Nonostante il Pap-Test rappresenti un importante test di screening primario, per molto tempo è stato soggetto a critiche tanto da essere considerato un test poco accurato a causa di un elevato numero di farli positivi. Per questo motivo, il Piano Nazionale di Prevenzione 2014-2018 ha stabilito che entro il 2018 tutti i programmi di screening italiani passino dal Pap test al test HPV come test primario per le donne dai 30-35 anni. Qui il Pap test non scompare ma diventa un esame di completamento, detto “Pap test di triage”. Si osserverà, quindi, ad un integrazione tra un test citologico e un test virologico.

In seguito ad una positività al Pap-Test, si prosegue con la colposcopia per osservare l’eventuale lesione nel dettaglio. Infine, per capire il genotipo specifico presente nella mucosa si effettua il Test HPV-DNA, dove il genoma dell’HPV viene analizzato attraverso l’estrazione, l’amplificazione e genotipizzazione del DNA stesso.

CHE TERAPIA FARE UNA VOLTA DIAGNOSTICATO IL CANCRO ALLA CERVICE UTERINA?

La terapia del cancro della cervice comprende: la chirurgia, la chemioterapia e la radioterapia. Nel dettaglio, la chirurgia è finalizzata alla rimozione del tessuto malato dalla cervice per eliminare il tumore ma lasciare utero e ovaie.  In alcuni casi, però, è necessario praticare l’isterectomia, dove viene asportato l’utero inclusa la cervice; talvolta vengono anche rimosse le ovaie e le tube di Falloppio. L’isterectomia può essere semplice o radicale in relazione all’asportazione del tessuto fibro-adiposo che unisce l’utero alla pelvi, alla vescica ed al retto. In base allo stadio della malattia, può essere consigliato di rimuovere i linfonodi pelvici e/o lomboaortici per verificarne l’eventuale coinvolgimento neoplastico.

Attualmente viene utilizzato un approccio chirurgico altamente innovativo: la Chirurgia Robotica.

Le pazienti sottoposte a questo approccio godono di particolari benefici, come :

• Minore dolore post-operatorio;

• Minore perdita ematica intraoperatoria;

• Minore degenza in ospedale;

• Minore rischio di infezione post-operatoria;

• Più rapida guarigione e convalescenza;

• Piccole cicatrici chirurgiche con migliori risultati estetici.

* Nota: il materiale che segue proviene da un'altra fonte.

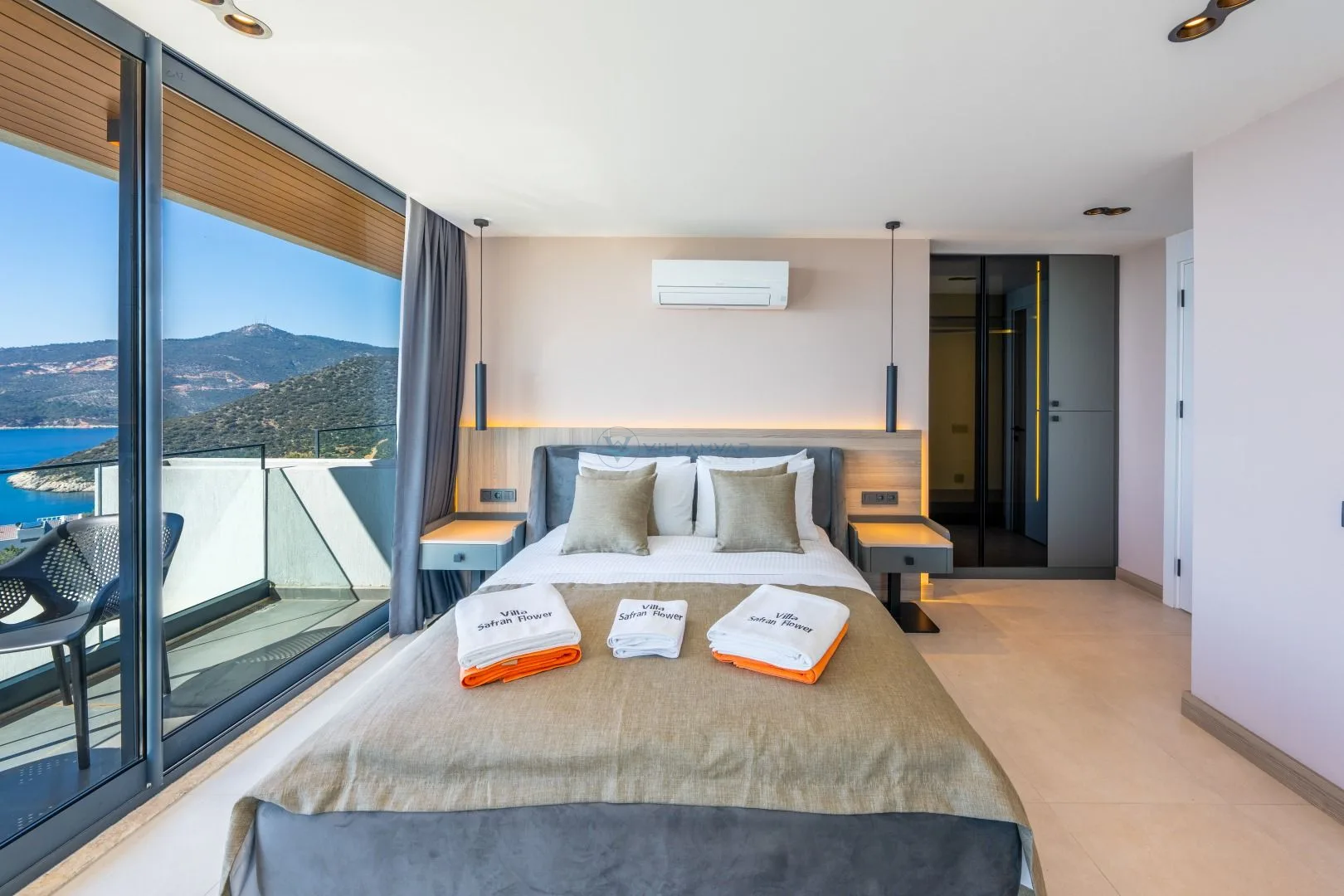 Safran Rental Kalamar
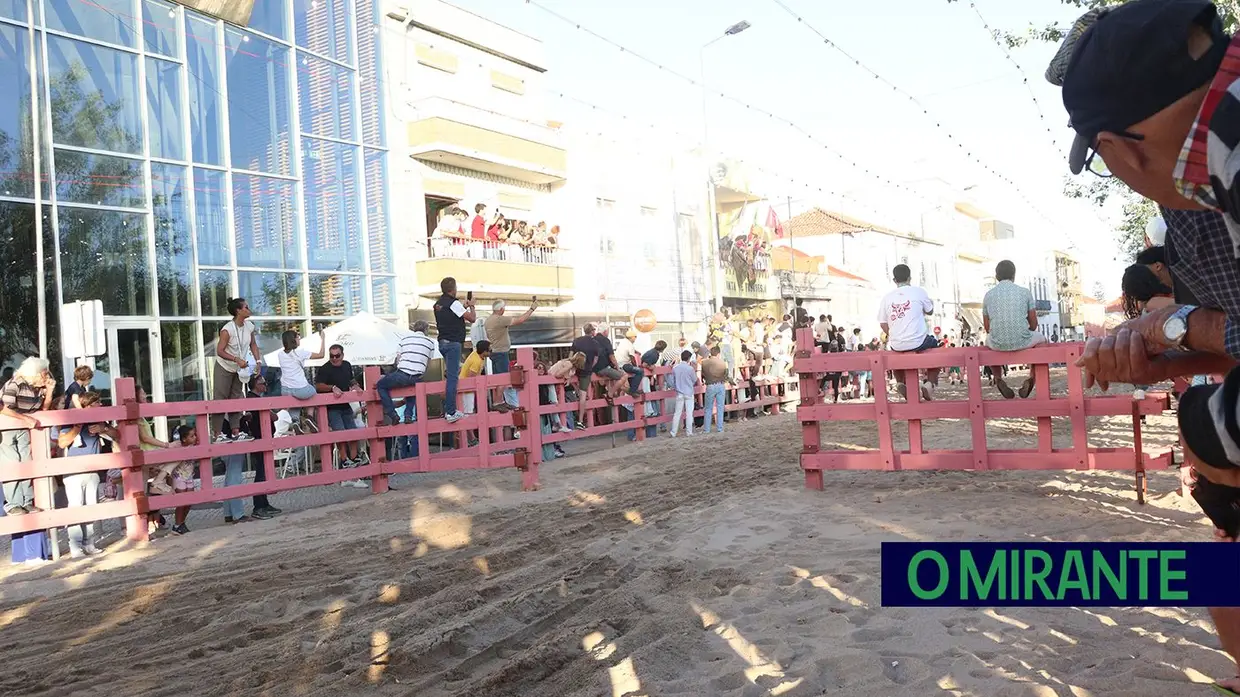 Festas da Cidade do Cartaxo arrancam com música, tradição e animação taurina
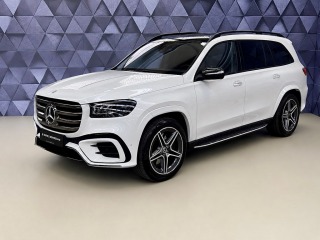 Mercedes-Benz  450d 4M AMG, EL. TAŽNÉ, M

Nel caso in cui il tumore invade altri organi, si effettua la chemioterapia, e talvolta viene consigliata in combinazione con la radioterapia.

La radioterapia viene integrata alla chemioterapia per completare la terapia. Essa è accuratamente programmata per il singolo paziente, valutando il tipo e la natura della neoplasia, la dimensione, la sede, le condizioni generali e la finalità del trattamento stesso. È quindi un trattamento altamente personalizzato.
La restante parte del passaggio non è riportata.